Quando eu comecei a ler essa história, enquanto passava pelos quadros da primeira e da segunda página, acreditei piamente que não ia gostar dela não. Mas o desenvolvimento do roteiro e os vários encontros que o Zé Carioca vai tendo ao longo da aventura conseguiram mudar a minha impressão inicial e eu acabei gostando bastante do que li aqui. Como sempre, começamos com o nosso malandro papagaio tentando dar um calote básico. Ele convence a sua empregada, Maria das Neves, a enganar o senhorio, mas chega à conclusão de que mais dia, menos dia, terá que enfrentar os seus credores. E o roteiro parte dessa premissa de busca desesperada por dinheiro para colocar o Zé numa estrada bem curiosa: a partir de um determinado momento, ele precisa levar alguém da Disney para um programa de televisão e, com isso, faturar uma boa grana.

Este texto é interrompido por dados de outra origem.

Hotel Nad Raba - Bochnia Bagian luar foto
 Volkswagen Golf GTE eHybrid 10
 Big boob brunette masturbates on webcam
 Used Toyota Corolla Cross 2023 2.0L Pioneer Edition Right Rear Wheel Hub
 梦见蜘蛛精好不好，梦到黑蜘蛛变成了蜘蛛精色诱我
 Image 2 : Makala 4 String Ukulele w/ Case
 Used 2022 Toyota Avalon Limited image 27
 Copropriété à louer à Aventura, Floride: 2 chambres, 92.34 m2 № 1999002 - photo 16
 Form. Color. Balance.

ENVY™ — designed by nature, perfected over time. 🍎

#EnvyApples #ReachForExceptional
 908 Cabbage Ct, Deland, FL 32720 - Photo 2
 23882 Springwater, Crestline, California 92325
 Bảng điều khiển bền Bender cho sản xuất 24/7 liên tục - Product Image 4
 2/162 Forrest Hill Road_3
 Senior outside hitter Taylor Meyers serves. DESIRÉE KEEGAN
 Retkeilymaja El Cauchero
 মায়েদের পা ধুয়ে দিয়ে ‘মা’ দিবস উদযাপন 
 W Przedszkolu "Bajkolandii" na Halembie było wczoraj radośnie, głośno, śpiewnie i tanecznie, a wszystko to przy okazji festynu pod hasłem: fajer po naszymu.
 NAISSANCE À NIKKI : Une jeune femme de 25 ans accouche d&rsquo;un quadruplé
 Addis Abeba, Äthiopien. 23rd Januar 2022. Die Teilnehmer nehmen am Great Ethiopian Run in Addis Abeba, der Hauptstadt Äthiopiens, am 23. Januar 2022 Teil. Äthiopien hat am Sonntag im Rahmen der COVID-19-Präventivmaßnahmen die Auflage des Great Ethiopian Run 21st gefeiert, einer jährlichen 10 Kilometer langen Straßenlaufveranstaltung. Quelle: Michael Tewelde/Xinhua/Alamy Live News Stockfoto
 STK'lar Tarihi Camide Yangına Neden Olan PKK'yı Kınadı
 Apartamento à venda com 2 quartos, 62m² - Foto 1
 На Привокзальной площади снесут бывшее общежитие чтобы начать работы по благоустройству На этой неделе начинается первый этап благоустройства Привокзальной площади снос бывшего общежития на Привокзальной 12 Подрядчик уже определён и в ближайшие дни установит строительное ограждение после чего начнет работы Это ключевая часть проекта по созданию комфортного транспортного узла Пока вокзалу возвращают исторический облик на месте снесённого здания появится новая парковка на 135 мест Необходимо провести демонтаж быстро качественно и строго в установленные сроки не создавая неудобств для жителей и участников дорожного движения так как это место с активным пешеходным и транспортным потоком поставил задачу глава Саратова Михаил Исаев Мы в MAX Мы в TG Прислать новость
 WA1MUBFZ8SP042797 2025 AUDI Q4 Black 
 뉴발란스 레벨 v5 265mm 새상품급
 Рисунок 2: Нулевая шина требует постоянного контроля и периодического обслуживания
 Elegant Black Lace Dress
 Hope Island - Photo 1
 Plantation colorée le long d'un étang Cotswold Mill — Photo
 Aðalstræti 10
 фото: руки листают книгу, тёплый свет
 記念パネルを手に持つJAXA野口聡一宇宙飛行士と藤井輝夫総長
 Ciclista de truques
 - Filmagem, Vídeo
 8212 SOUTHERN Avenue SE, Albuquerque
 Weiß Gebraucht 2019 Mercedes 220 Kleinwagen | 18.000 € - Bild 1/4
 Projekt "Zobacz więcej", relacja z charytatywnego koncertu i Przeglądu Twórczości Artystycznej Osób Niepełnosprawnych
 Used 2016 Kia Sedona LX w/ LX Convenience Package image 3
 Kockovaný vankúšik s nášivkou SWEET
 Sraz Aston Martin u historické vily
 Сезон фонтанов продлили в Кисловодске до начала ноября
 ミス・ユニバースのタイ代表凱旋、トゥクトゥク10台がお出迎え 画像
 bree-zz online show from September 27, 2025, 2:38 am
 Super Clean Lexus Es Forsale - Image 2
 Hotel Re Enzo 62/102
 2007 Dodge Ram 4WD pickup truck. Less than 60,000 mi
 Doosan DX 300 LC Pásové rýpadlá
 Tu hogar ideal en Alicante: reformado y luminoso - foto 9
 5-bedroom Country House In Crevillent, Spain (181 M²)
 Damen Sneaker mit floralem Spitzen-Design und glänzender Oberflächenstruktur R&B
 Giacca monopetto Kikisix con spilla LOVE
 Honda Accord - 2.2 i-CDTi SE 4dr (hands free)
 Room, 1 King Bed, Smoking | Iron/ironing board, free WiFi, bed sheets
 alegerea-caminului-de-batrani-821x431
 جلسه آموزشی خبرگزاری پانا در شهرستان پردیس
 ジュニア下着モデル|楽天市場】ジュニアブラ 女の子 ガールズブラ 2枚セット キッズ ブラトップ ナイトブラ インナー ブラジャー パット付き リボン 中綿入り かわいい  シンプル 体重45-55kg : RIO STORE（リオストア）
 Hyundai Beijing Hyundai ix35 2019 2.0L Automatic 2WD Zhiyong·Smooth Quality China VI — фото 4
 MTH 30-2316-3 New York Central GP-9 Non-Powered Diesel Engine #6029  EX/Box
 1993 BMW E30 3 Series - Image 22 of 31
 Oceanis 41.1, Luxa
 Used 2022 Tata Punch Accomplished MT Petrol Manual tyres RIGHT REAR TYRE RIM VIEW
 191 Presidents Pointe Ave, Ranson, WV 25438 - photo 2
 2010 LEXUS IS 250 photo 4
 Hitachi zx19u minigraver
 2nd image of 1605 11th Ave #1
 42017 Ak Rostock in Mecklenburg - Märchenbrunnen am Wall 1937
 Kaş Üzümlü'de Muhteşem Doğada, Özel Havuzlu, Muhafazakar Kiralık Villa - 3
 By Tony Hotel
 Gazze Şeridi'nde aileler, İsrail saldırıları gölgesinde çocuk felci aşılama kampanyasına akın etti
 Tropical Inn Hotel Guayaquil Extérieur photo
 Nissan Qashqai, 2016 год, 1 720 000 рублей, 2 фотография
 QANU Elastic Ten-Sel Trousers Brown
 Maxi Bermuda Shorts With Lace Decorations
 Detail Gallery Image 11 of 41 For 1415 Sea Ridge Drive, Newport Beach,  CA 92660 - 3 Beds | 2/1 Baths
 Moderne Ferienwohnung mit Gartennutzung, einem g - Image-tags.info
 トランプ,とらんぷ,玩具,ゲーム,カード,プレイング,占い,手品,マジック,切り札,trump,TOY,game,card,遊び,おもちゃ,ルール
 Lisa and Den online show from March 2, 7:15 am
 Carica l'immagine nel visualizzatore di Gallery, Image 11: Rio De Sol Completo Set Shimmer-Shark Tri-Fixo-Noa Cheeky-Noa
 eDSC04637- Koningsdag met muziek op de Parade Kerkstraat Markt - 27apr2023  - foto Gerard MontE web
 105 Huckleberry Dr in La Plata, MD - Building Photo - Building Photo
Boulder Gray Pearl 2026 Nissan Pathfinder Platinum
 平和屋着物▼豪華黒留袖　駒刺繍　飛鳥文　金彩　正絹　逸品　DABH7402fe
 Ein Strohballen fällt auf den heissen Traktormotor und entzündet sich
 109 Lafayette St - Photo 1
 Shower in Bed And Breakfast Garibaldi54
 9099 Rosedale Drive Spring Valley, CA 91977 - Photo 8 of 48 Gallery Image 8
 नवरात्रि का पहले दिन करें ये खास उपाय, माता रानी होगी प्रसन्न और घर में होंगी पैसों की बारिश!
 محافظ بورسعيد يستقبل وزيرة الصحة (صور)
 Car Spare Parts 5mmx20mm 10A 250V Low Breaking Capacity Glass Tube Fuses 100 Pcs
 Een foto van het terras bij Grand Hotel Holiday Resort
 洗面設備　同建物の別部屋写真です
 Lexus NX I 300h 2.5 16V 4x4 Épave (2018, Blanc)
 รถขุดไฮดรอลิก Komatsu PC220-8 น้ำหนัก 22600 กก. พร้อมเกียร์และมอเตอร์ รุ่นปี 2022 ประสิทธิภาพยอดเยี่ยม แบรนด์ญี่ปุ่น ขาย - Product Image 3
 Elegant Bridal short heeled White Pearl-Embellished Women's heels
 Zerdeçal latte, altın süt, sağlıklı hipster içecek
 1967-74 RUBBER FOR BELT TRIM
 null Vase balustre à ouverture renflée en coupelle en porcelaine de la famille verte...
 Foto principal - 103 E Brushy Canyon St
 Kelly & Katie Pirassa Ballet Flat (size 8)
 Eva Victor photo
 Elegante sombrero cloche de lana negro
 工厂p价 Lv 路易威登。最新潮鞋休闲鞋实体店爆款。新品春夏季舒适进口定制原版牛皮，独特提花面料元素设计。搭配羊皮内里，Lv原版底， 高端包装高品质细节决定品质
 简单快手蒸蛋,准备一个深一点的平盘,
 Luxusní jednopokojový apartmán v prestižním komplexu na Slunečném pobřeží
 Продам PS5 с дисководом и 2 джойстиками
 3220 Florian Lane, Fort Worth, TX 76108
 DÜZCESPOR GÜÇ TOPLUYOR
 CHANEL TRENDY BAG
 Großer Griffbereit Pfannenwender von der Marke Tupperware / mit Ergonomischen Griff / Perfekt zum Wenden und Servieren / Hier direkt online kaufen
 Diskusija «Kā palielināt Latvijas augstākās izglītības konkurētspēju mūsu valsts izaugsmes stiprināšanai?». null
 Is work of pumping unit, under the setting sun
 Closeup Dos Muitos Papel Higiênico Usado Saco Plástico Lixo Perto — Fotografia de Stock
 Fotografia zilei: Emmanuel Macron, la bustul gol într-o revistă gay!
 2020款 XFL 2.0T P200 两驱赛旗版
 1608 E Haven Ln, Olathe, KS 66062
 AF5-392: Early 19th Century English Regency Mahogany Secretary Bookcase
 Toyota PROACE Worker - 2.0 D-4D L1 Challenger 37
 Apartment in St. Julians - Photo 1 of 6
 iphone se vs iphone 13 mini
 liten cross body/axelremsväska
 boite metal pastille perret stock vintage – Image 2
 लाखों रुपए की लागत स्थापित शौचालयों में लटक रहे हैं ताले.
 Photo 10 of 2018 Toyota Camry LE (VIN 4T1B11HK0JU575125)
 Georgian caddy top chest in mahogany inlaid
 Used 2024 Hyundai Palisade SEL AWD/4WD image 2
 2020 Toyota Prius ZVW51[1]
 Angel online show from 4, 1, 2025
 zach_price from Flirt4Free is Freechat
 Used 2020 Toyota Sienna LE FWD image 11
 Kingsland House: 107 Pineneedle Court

No decorrer da trama, temos cameos dos Três Porquinhos, de Lobão, Lobinho, Margarida, Pateta, Donald e até do Tio Patinhas! O título, portanto, não está mentindo! E é muito bom ver o Zé encontrando-se rapidamente com todos esses icônicos personagens e sendo imediatamente rejeitado porque todos estão ocupados, com pressa ou com um compromisso inadiável. A piada com o Pateta é ótima, inclusive com um bem empregado pastelão na cena final. Uma história que começa devagar, mas adquire um baita ritmo legal ao longo de suas páginas.

Zé Carioca: Odisseia em Disneylândia — Brasil, 24 de janeiro de 1961
Código da História: B ZC 481-B
Publicação original: Zé Carioca 481 (posteriormente publicada nas seguintes edições: Anos de Ouro do Zé Carioca 1, Zé Carioca 2269, Zé Carioca Férias 3)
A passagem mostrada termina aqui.